The Ford Focus Active: by the turn of the decade, this will be the only four-door passenger car Ford will sell in the US and Canada

In a surprise move, Ford has announced that it will cease selling passenger cars in the US and Canada by the early 2020s, excepting the Mustang and the Focus Active.
   The announcement was actually for ‘North America’ but as Ford of México does a reasonable trade on Figos and Fiestas, it’s hard to see the policy be uniform right across the continent.
   It’s a cost-cutting exercise, designed to save $25,500 million in five years, and trucks and SUVs simply make more money for them. Small cars mean small profits. In fact, car sales lag those of the F-series, Escape and Explorer in the US. Shares have risen on the news.
   That means Americans and Canadians will say goodbye to the Fiesta, Fusion (the four-door sedan counterpart to the Mondeo) and Taurus, the last of which is already superseded in China. If you liked the cooking RS and STs, then too bad. Lincolns are losing money for Ford, too, so maybe the Continental will vanish—given the Fusion is history, the MKZ will follow. That doesn’t leave much in the Lincoln line-up.
   My initial reaction was that the economies of scale would worsen: if you’re not developing for a global market, will development costs be successfully amortized in the same period? We have, however, seen the Japanese do reasonably well with products strictly for the North American market, e.g. certain Acuras and Hondas that are sold only in their neck of the woods. We also know most of the costs of the car are in the platform and architecture, and Ford has shown decent adaptability, particularly with the C519 Focus (the recently released Mk IV).

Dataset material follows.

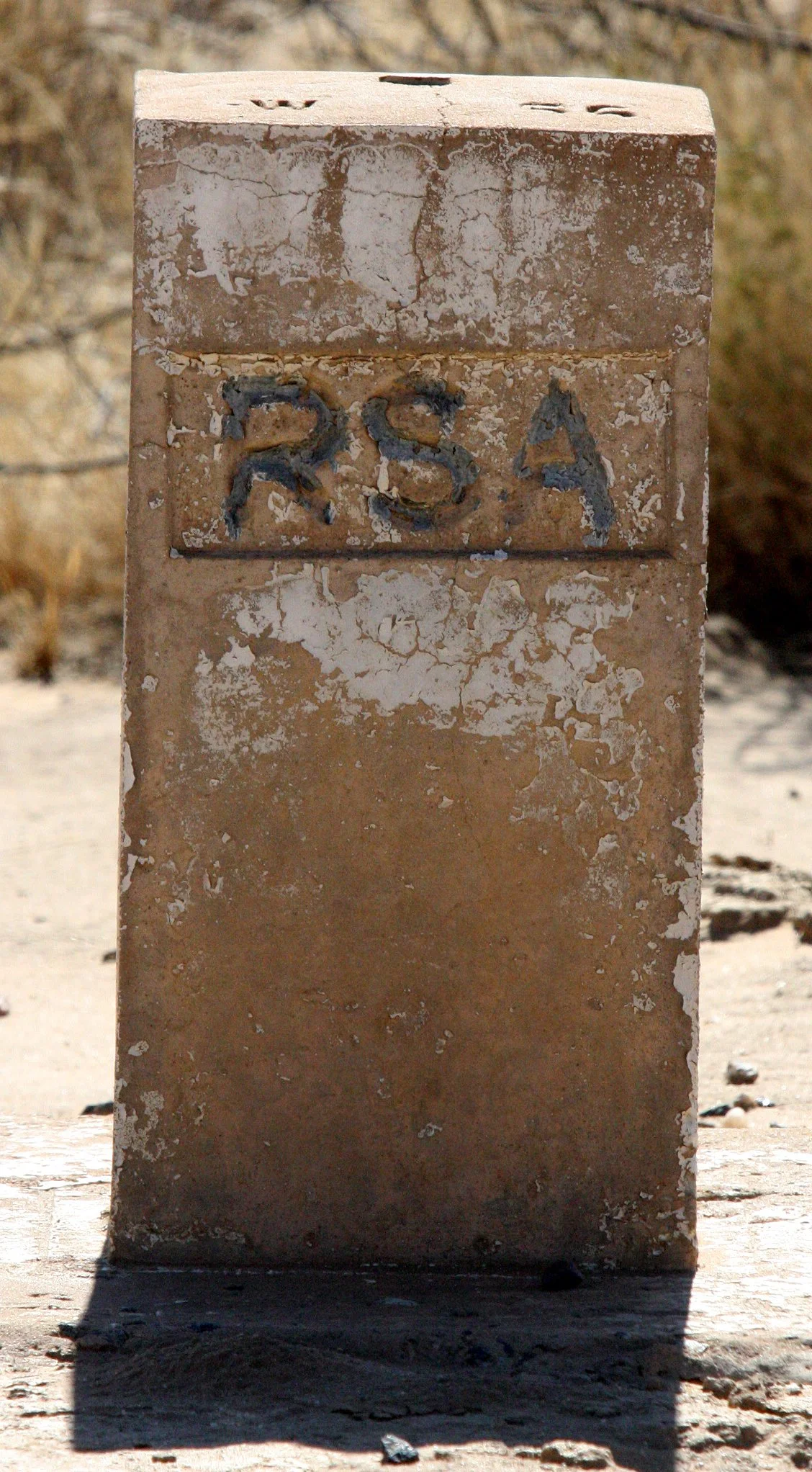 KALAHARI GEMSBOK NP - RSA-BOTSWANA BOARDER POST.JPG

   Ford says the cuts will come from sales and marketing, engineering and product development, as well as material costs, manufacturing and IT, in that order, according to Automotive News.
   The fact that product development and engineering rank so highly there is worrying to me.

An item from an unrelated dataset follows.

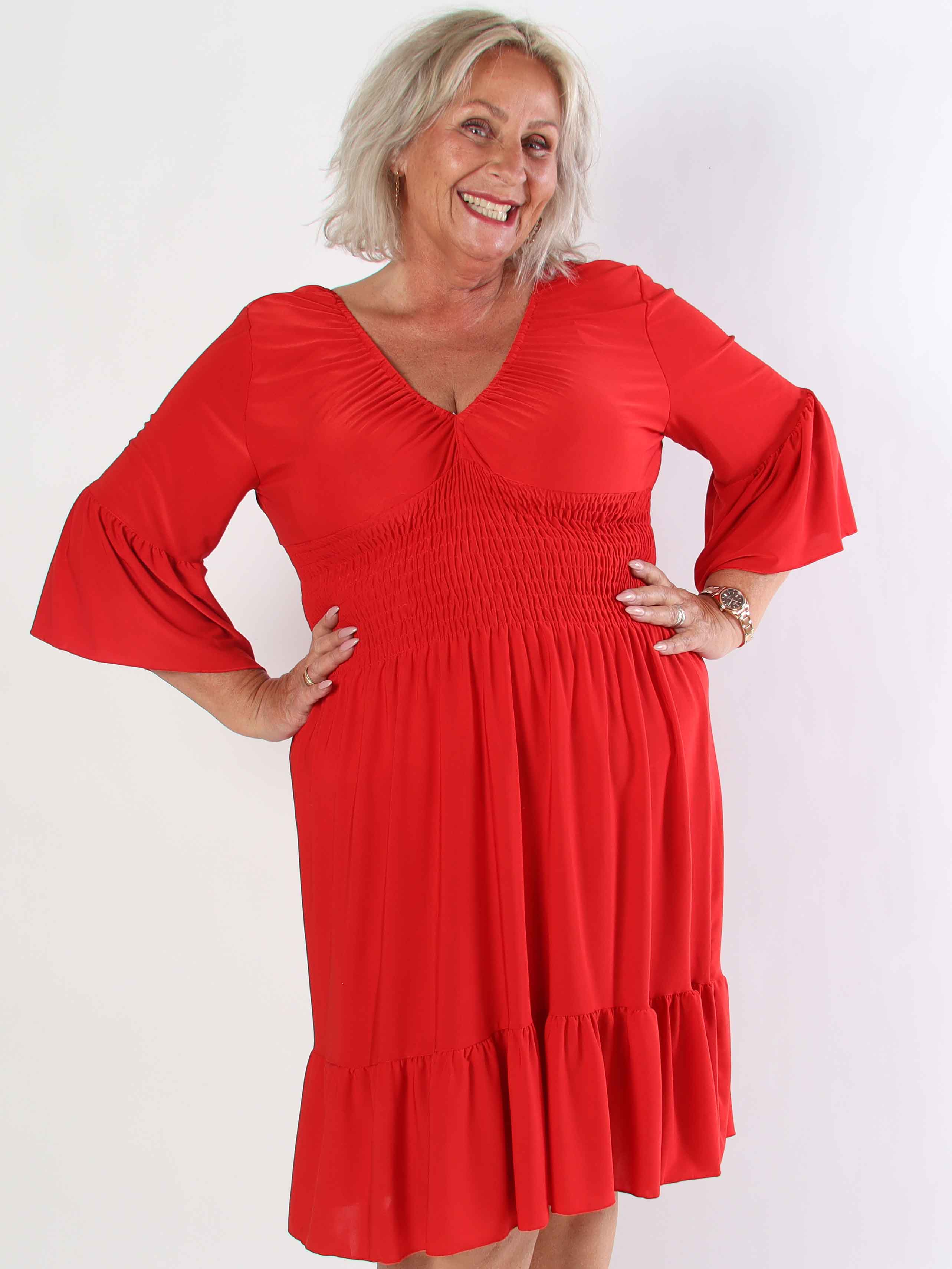 Flora Plain - Elastisk plus size kjole med smock og flæse på ærmet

   They’re bandying the word efficiency about a lot, and that always has me worried. That’s the word you used to hear from corporate raiders like Slater Walker. Things can look efficient while they’re being weakened.

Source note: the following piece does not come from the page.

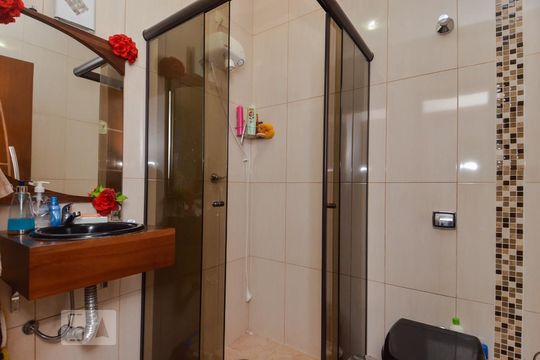 Banheiro de casa de condomínio à venda com 3 quartos, 180m² em Jardim Cocaia, Guarulhos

   CEO Jim Hackett says he’s feeding the healthy parts of the business, ‘and deal decisively with the parts that destroy value.’
   While it’s true that the crossover, SUV and truck markets are strong, as they are in many parts of the world, I can’t help but think that Ford isn’t preparing itself for tougher future scenarios.
   Energy crises can come unpredictably, for one. Ford was late to the downsizing game in the 1970s because it saw the dollar signs with big cars. By 1977, GM had stolen a real march on Ford. By the turn of the decade, Chrysler was back from the brink with fuel-efficient cars while Ford sailed into the red.
   Chrysler found itself too truck- and SUV-heavy with the recession of the late 2000s, and its entry-level nameplate Plymouth had already vanished, thanks to mismanagement by Daimler earlier in the century.
   While there’s not always a need for a full line—AMC taught us that extending yourself too far isn’t always wise—I wonder if Ford is leaving itself vulnerable.
   Crossovers like the Escape, which might outsell the Fusion, are being beaten in the market-place by the likes of the Toyota RAV4, so it’s not as though Ford is that strong in all the markets it wishes to remain in.
   GM, having pulled out of Europe and Russia, might be in better shape because of its position in China. Ford trails GM when it comes to its Chinese footprint, although it will remain in Europe.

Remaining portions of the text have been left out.